# WORK TO COMPLETE
Omit the pictures and extract only the lines from the line containing "Black stitch 2X" to the end of the material, each exactly as written.

# PROVIDED RECORDS

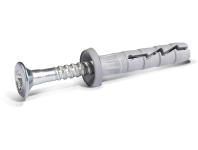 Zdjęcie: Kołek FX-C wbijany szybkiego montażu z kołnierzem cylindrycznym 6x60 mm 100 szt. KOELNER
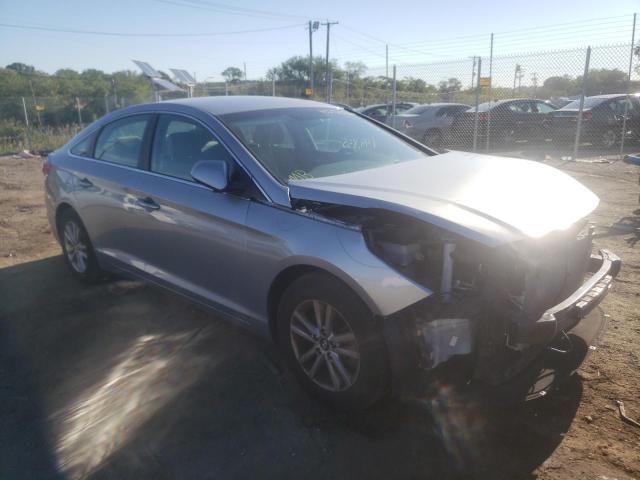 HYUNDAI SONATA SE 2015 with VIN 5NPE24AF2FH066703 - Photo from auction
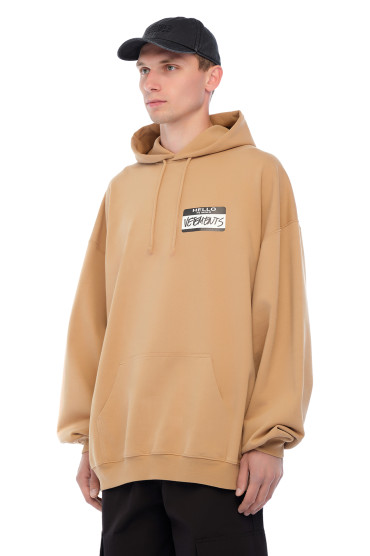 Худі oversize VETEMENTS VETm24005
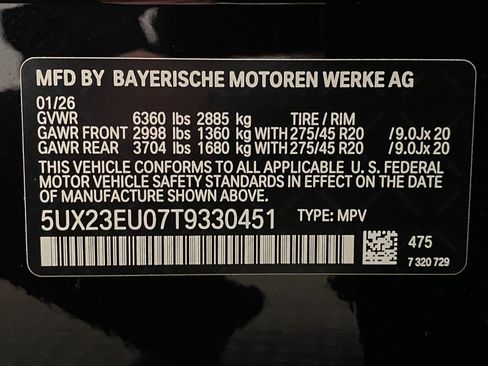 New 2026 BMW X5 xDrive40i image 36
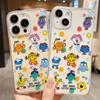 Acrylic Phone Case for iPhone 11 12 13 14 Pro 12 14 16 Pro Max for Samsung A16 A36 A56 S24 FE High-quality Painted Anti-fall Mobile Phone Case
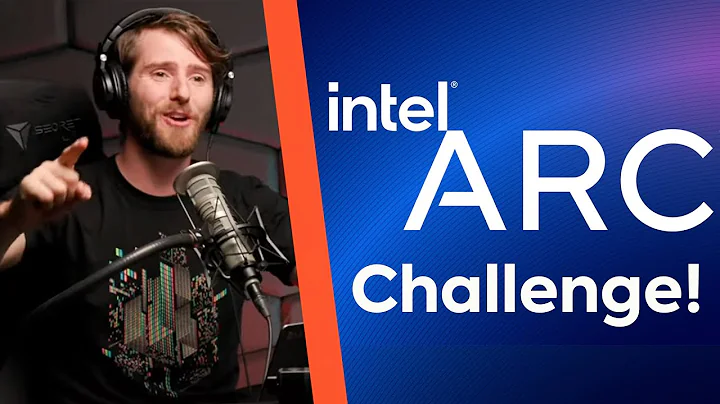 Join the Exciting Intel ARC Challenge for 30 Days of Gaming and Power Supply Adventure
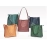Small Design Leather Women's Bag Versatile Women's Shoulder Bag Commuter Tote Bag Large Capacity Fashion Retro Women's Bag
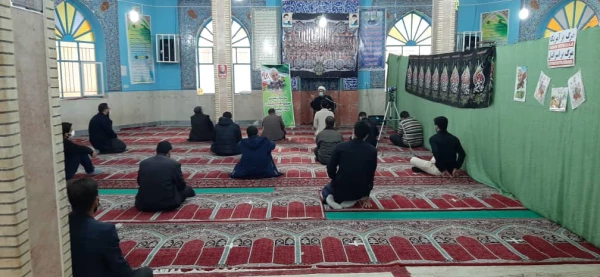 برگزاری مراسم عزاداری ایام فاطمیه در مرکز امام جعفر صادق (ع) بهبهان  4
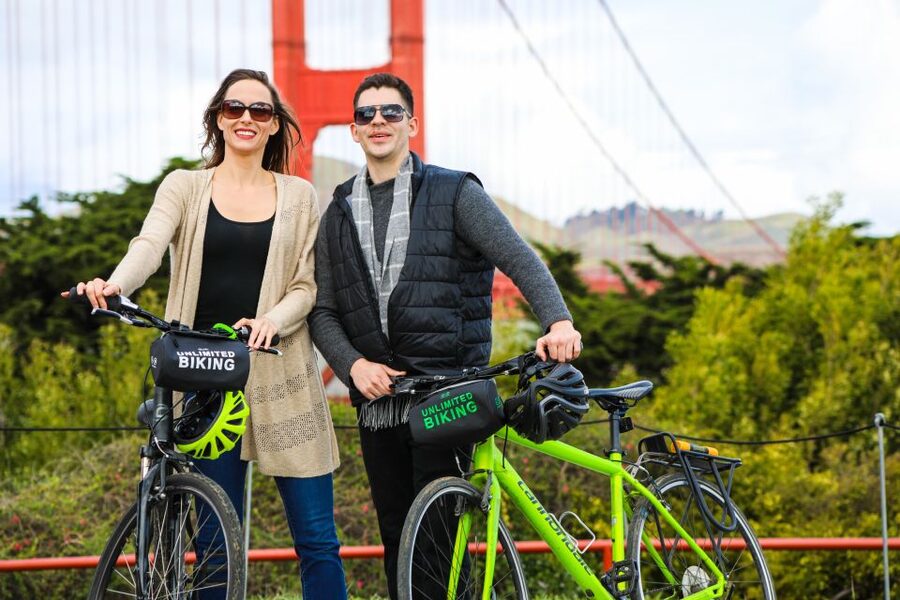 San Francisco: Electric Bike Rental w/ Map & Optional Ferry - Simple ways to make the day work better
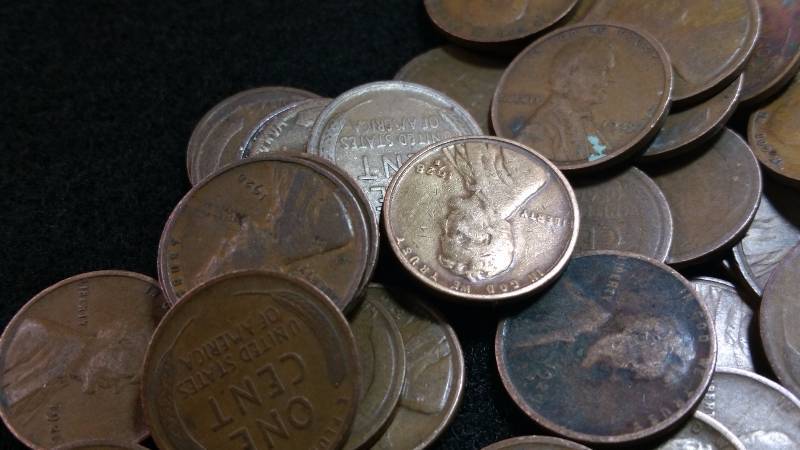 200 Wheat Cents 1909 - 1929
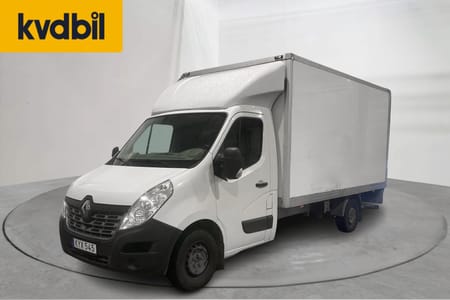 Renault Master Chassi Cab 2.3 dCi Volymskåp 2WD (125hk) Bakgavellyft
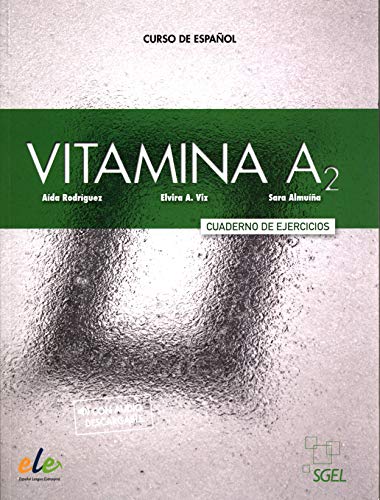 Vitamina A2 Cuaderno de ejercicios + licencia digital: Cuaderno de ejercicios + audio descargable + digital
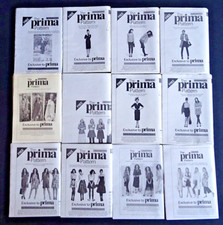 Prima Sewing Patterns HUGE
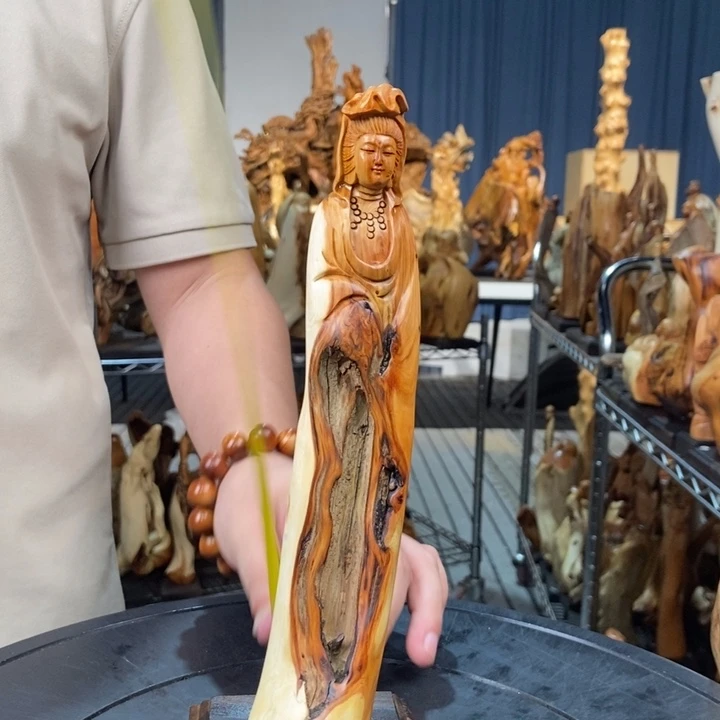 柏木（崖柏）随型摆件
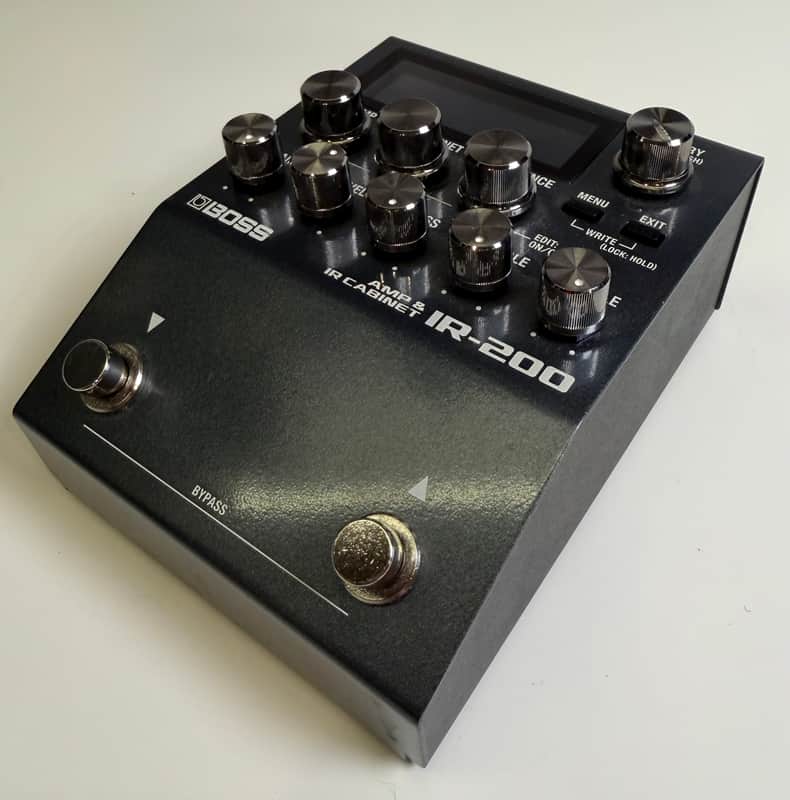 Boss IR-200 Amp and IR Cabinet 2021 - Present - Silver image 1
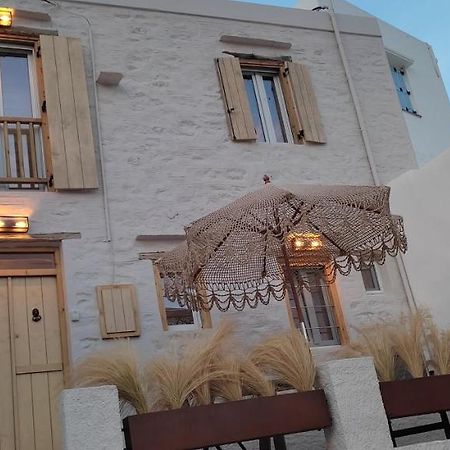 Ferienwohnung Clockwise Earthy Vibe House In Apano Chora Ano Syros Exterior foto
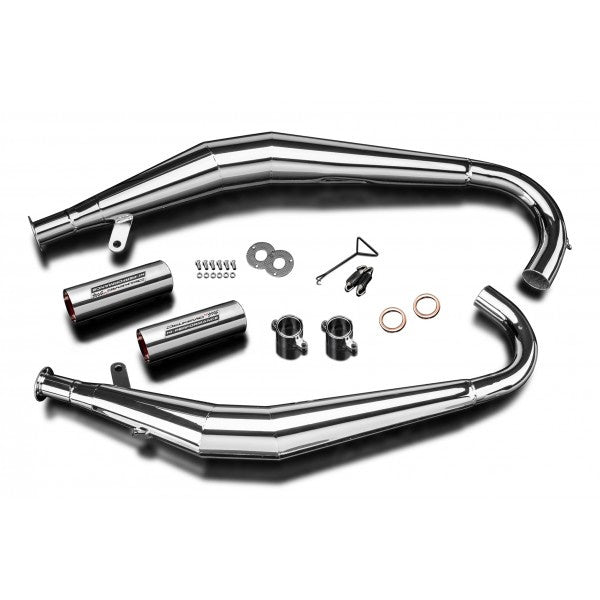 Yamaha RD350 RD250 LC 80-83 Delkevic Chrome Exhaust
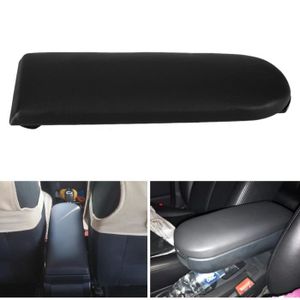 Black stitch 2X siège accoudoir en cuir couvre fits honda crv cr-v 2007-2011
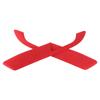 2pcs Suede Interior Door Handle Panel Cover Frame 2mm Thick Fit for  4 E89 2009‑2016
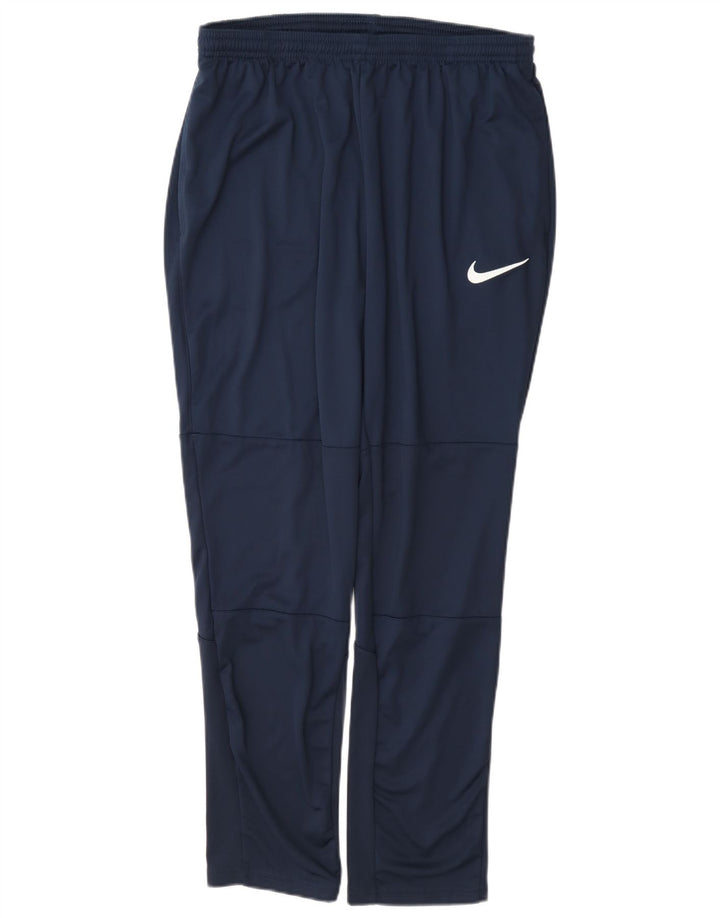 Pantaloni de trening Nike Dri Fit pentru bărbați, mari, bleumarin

# OUTPUT OF THE TASK
 Black stitch 2X siège accoudoir en cuir couvre fits honda crv cr-v 2007-2011
 2pcs Suede Interior Door Handle Panel Cover Frame 2mm Thick Fit for  4 E89 2009‑2016
 Pantaloni de trening Nike Dri Fit pentru bărbați, mari, bleumarin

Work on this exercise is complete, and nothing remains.